1. Make Time for the Important Things.

Work-life balance often starts with a concerted effort to schedule time for important personal priorities, such as family time and exercise. You already schedule your time at work for greater productivity. Why not apply this strategy in your personal life too? For example, you could plan a family activity every Sunday afternoon to ensure that your family spends quality time together every week.

Another way to make time for personal priorities on a daily basis is to give yourself more time in the morning. For some people, it makes sense to wake up several hours before they need to leave for work. This way, they can exercise and spend time with their family, leaving them free to enjoy a peaceful and productive workday.
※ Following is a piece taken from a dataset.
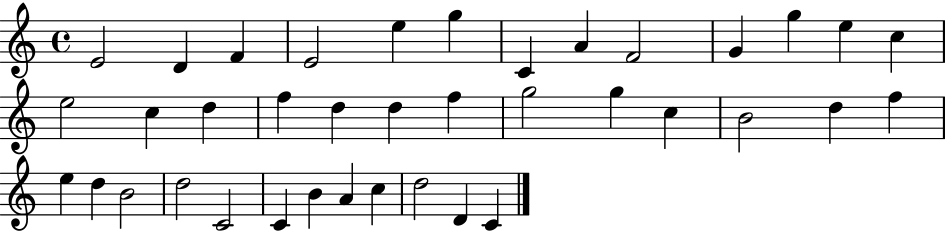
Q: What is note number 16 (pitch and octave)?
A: D5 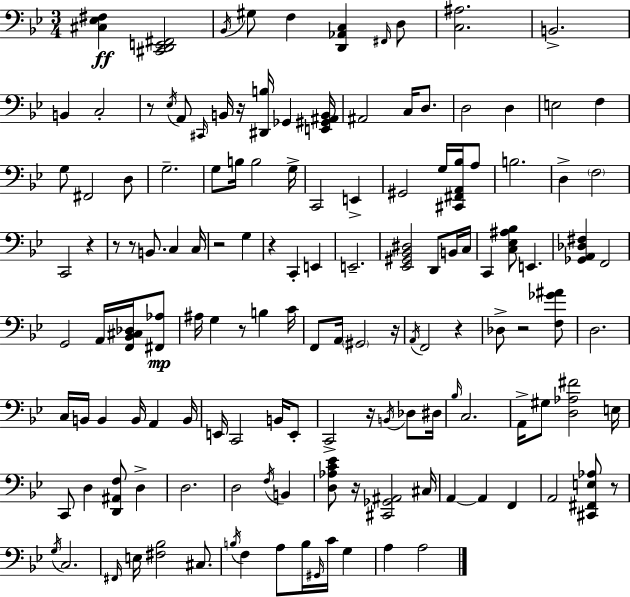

2. Take Advantage of Flexible Work Policies.

Since the advent of Internet technology, many companies have introduced policies that allow employees to telecommute, which can save employees hours in travel time every week and free up time to fulfill personal responsibilities. Some companies also offer other flexible work options, including job sharing, compressed workweeks, and flex hours. For many people, having more control over their work schedule and environment can reduce stress and increase personal time.

3. Be Willing to Disconnect.

While modern technology has enabled a variety of positive workplace changes, it can also be a major distraction from personal activities. For example, employees now struggle with their employer’s expectations of immediate responses and 24/7 availability because of mobile access to work accounts.

If you want better work-life balance, you have to be willing to set boundaries or disconnect from work-related technology on your personal time.

4. Use Technology to Save Time.

Although technology has the potential to disrupt work-life balance, you can use it to save time and accomplish tasks more efficiently. Writing an e-mail might be faster than making a phone call, ordering groceries online can be easier than buying them in the store, and banking online is more efficient than going in person.

5. Limit Your Commitments.

It takes practice, but learning how to say “no” to new commitments is a valuable skill. Don’t let guilt or a sense of obligation pressure you into accepting a colleague’s party invitation or volunteering to become the head of the PTA.

Marilyn Puder-York, PhD, an executive coach and psychologist, suggests that you focus on engaging in activities that add value to your personal life and career when seeking work-life balance. In addition to saying “no” to unrewarding commitments, try to minimize time-wasting activities, such as gossiping with co-workers or checking social media sites.

6. Delegate when Possible.

Life is easier when you delegate responsibilities at work and at home. While it can be difficult to pass along certain tasks at work, doing so can allow you to head home earlier, focus on higher-priority items, and help other employees gain experience in a new area.

Delegating chores at home can also free up time for more important and revitalizing activities. For instance, you could save yourself a few hours every weekend by hiring a house cleaner. If you love to garden, you could arrange a parents’ night out by trading gardening services for babysitting services.

7. Set Realistic Relaxation Goals.

Productivity experts stress that attaining more balance in life doesn’t necessarily require big changes. To start pursuing work-life balance, set realistic goals and slowly integrate enjoyable activities into your daily routine.

Psychologist Robert Brooks, PhD, says realistic work-life balance goals might include planning a yearly vacation, spending an hour each week doing a favorite hobby, or leaving work earlier once a week. On a daily basis, you can easily commit to spending at least 15 minutes doing something you enjoy, whether it’s going for a walk or reading a book.

8. Create a Support Network.

Work-life balance is easier to attain when you have developed strong support systems in the workplace and at home. With support from friends and family, you don’t have to worry about household chores and childcare if you need to travel or work longer hours occasionally. You can similarly rely on coworkers for backup in the event of personal conflicts.